See this live example:
User Request:
GET /social HTTP/1.1
( http://192.168.1.111/social )
Apache Server Responce:
HTTP/1.1 301 Moved Permanently
Location: http://192.168.1.111/social/
User Request:
GET /social/ HTTP/1.1
( http://192.168.1.111/social/ )
Apache Server Responce:
HTTP/1.1 200 OK
Apache access.log:
192.168.1.130 - - [05/Apr/2014:22:06:47 +0200] "GET /social HTTP/1.1" 301 558 "-" "Mozilla/5.0 (X11; Ubuntu; Linux x86_64; rv:27.0) Gecko/20100101 Firefox/27.0"
-
192.168.1.130 - - [05/Apr/2014:22:06:47 +0200] "GET /social/ HTTP/1.1" 200 942 "-" "Mozilla/5.0 (X11; Ubuntu; Linux x86_64; rv:27.0) Gecko/20100101 Firefox/27.0"

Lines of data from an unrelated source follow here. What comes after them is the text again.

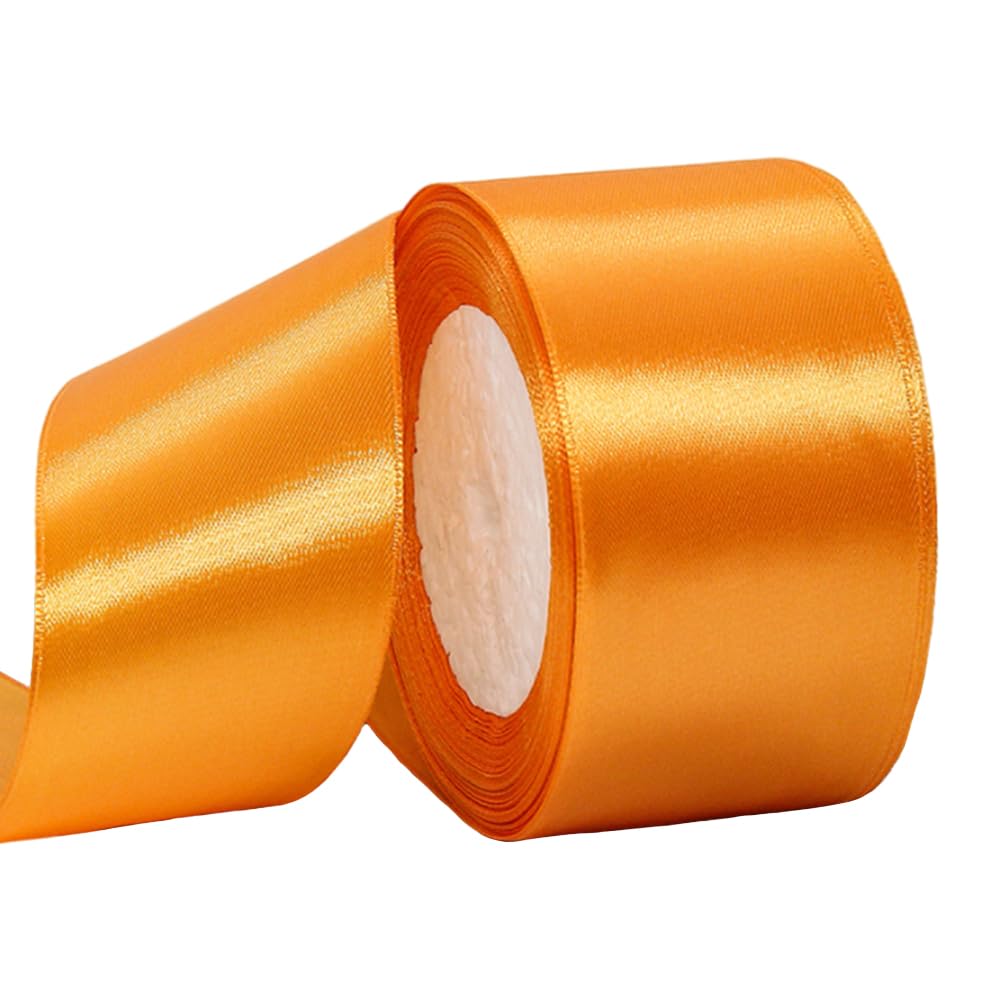 Wide Orange Ribbon 50mm Satin Ribbons for Gift Wrapping,22m 1.9Inch Cake Ribbon Silk Thick Ribbons Orange for Crafting,Halloween Christmas,Wedding Car,Bouquets,Cake Decorations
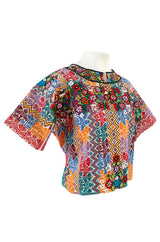 Vintage Mexican Artisan Bright Coloured Pattern Hand Embroidered Flowers & Birds Top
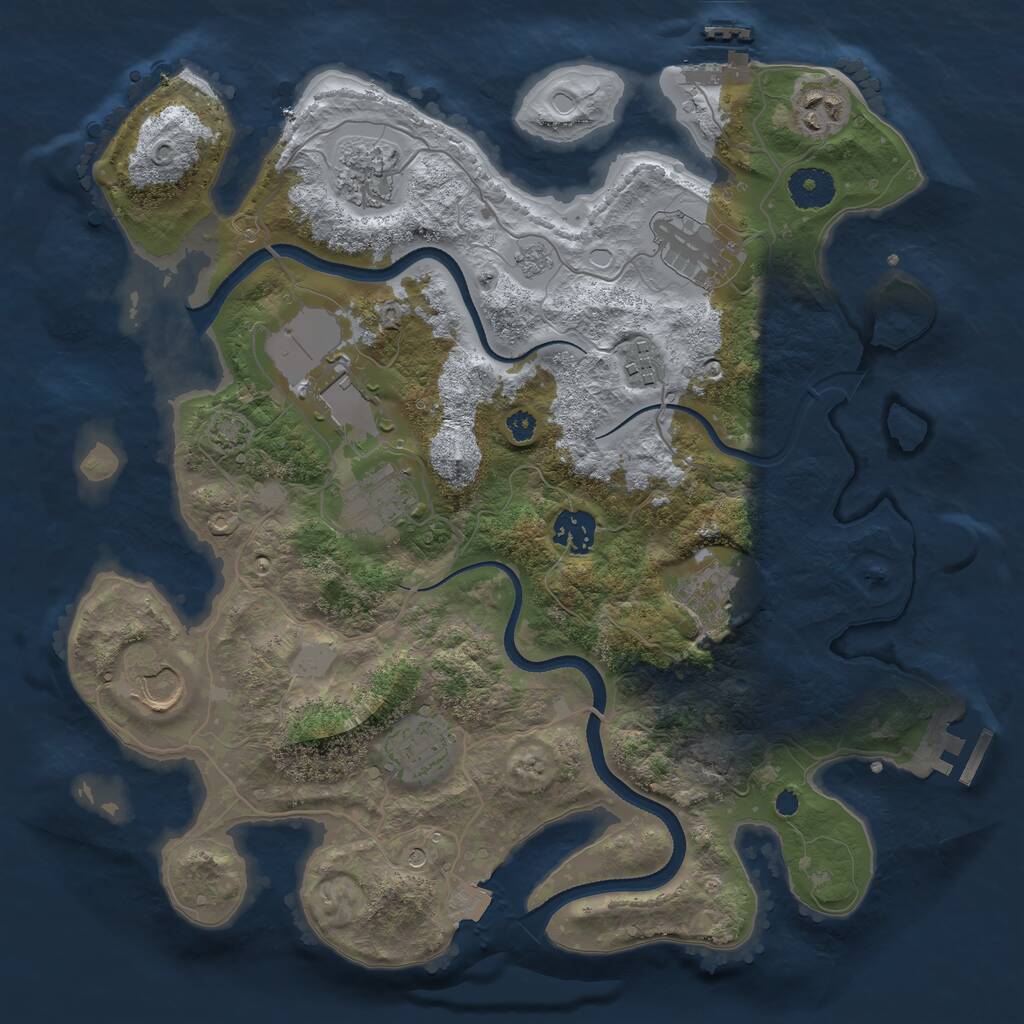 Rust Map: Procedural Map, Size: 3500, Seed: 1235406572, 16 Monuments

The /social/ directory contains an index.html
file.
Apache Software: Apache/2.2.22 (Ubuntu)
Directory Options: Options Indexes FollowSymLinks MultiViews
So, my question is: Why is apache doing this? And how to prevent the redirect and send out the index.html
directly? Clients have to send two requests which is really unnecessary. And maybe some of the clients doesn't allow Redirects and will not be able to go to the site without the ending slash ("/").
I don't want to disable the redirect. I wan't the server to send out the response directly without any redirect. Even when requesting /social
.
Is apache designed to redirect those requests? The server could just send the data without redirecting, right? Should I use the mod_rewrite
to prevent this? Or another configuration? Or should I just let it be like this and add a slash at the end of all html links and live with some redirects?
What do you guys think?
Answer
Sending the data without a redirect would break relative links. If http://server/directory
contains file
, then the full URL for that would be http://server/directory/file
. A link specified like will point to
http://server/directory/file
if the base URL is http://server/directory/
, but if the base URL was only http://server/directory
it would point to http://server/file
instead, which is not the intended result.
Apache could have generated the directory listing in two different ways depending on the URL instead of redirecting. However that would not work if there was an index.html
file in the directory. So instead Apache is using the approach, that works in both cases.
This is not a new behavior, one decade ago Apache was behaving the same way. Clients which cannot handle a redirection should have been fixed by now. But for any clients who cannot handle a redirection, Apache should be sending along a tiny html file with a link that can be followed instead.